Возьмем, к примеру, великолепный исторический фильм Кубрика «Барри Линдон» (1975), экранизацию не слишком известного романа Теккерея. Его мастерства и силы недостаточно, чтобы спасти его от смутного ощущения избыточности. Зачем нам сейчас воскрешение битвы восемнадцатого века? В отличие от Второй мировой войны, мы не можем сказать, что это предмет неотступного интереса. Страстное осуждение войны вообще? Завуалированный комментарий на тему Вьетнама? Иллюстрация приемов войны до эпохи моторизации? Наглядный урок обращения с ветеранами? Репетиция и, наконец, субститут фильма о Наполеоне, который Кубрик так и не снял? Ни одно из этих внехудожественных оправданий не приближает нас к объяснению необходимости этого произведения искусства, хотя они и открывают новые самостоятельные области исследования. И вообще, наш интерес к историческим произведениям всегда, кажется, зависит от чего-то внеэстетического: от вопросов, поставленных учебниками истории, например (какими на самом деле были Гитлер или Сталин?); от той или иной актуальной моды (нацистские материалы, конечно же, имеют, по-видимому, непреходящую притягательность); от нашей историчности в целом, развившейся со времен Французской революции и вскормленной подношениями от Вальтера Скотта до Кена Бернса, от Толстого до Маргарет Митчелл, от Хилари Мантел до Бена Пастора.

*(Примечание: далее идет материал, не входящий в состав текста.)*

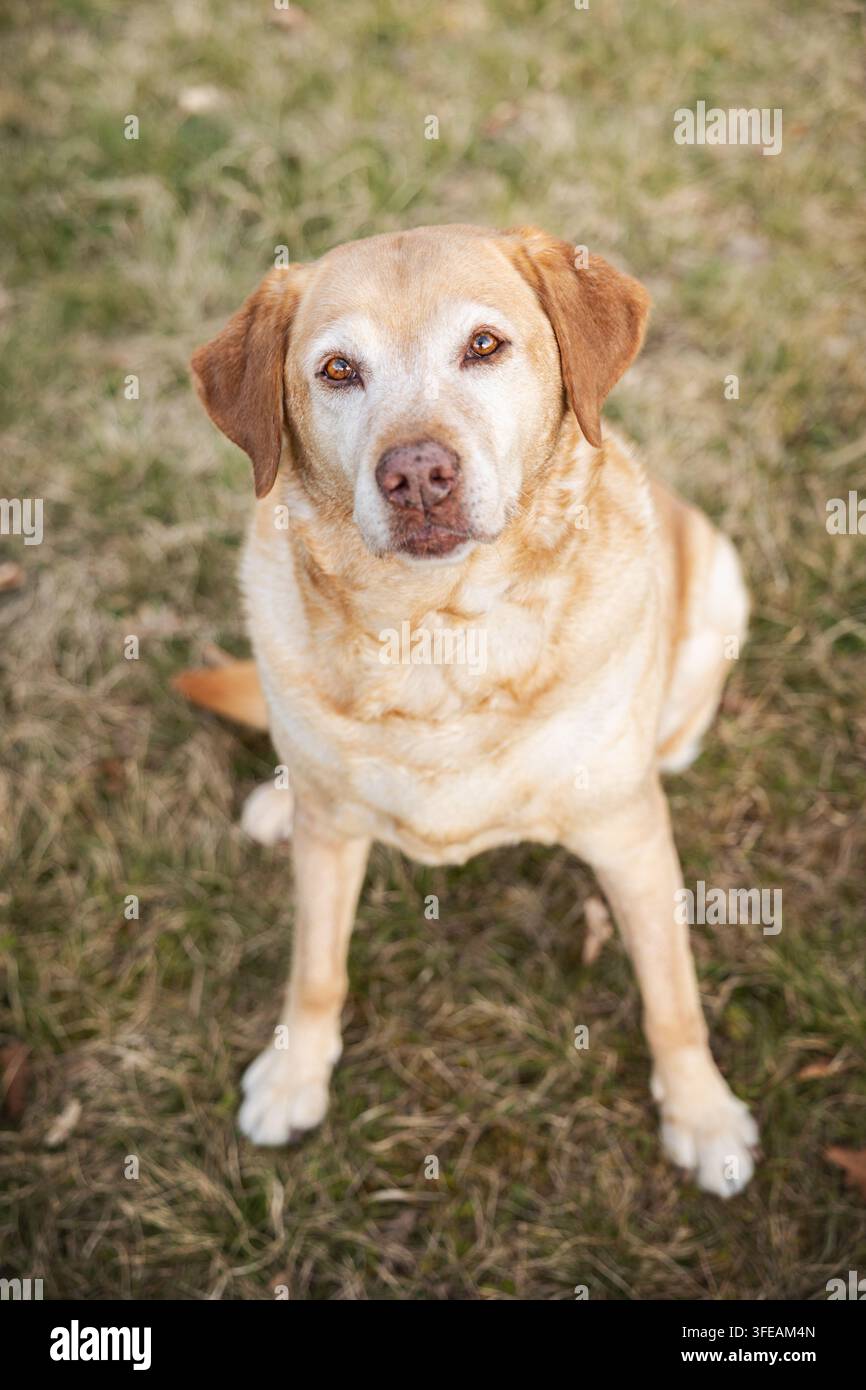 Yellow Labrador Retriever sits on meadow Stock Photo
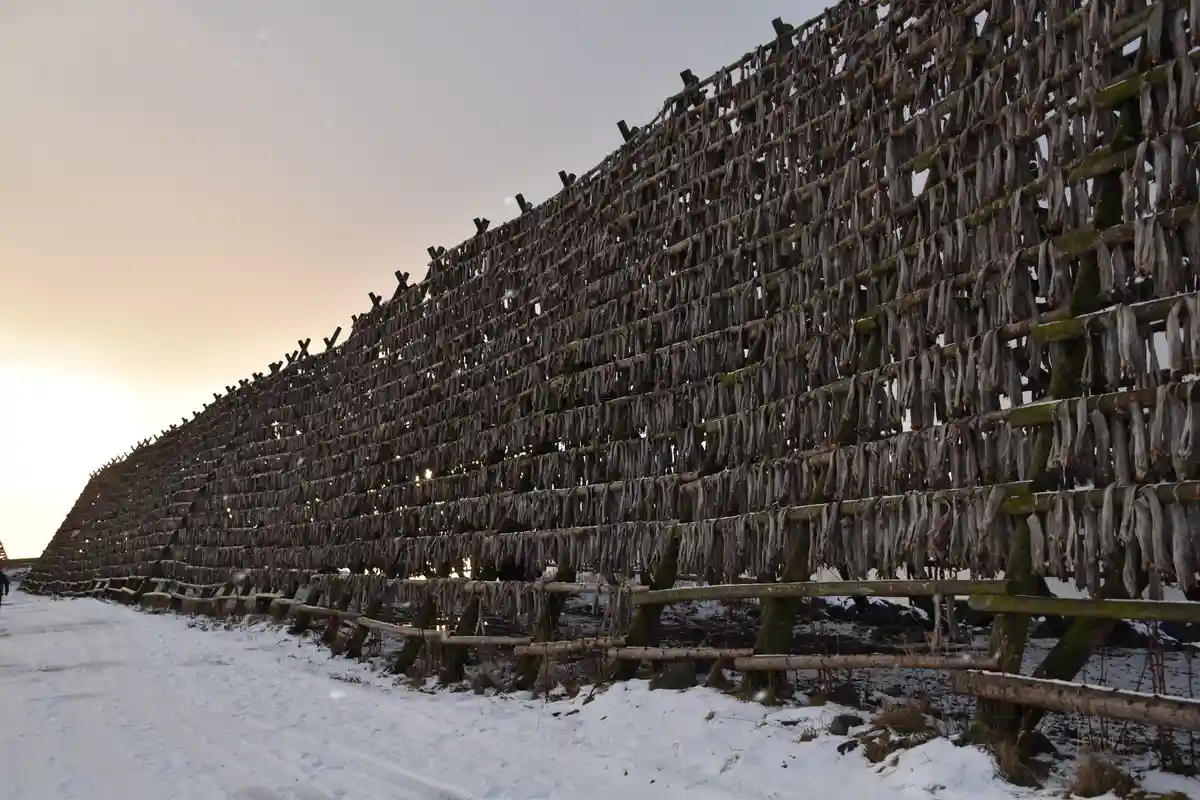 A long wooden fence in a snowy landscape is covered with rows of hanging, dried fish, creating a massive wall of preserved…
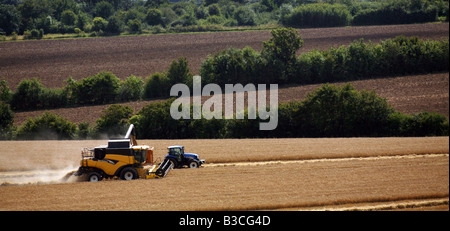 New Holland Combine Harvester harvests wheat crops for food production in Glemsford outisde Bury St Edmunds in Suffolk UK Stock Photo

Пастор, похоже, изобрел новый способ объединения целого и части в том, что телепродюсеры могли бы назвать мини-сериалом.

Однако нас может охладить мысль о том, что в результате нашей возросшей историчности сегодня все романы являются историческими (кроме, конечно, научно-фантастических): все они несут в себе роковые хронологические вопросы «Прежде чего?» и «После чего?». Возможно, тогда предпочтительнее будет перейти от горизонтали к вертикали: увидеть, из чего состоит «история» Бора, что она нам предлагает. Ведь романы складываются из всевозможного сырого материала; у них нет чистоты прежних жанров. Вместо того, чтобы мыслить в терминах линейного повествования, нам лучше представлять себе стопку отдельных неровных страт, геологических слоев, неравномерных пластов, каждый из которых подобен энциклопедической рельефной карте, осязаемый, как шрифт Брайля: каждый роман – это уникальное их сочетание, мгновенно собранное, как бы прибитое обойным гвоздиком, и так же легко рассыпающееся в хаотическую груду тем, ожидающих собирания нового события, нового романа.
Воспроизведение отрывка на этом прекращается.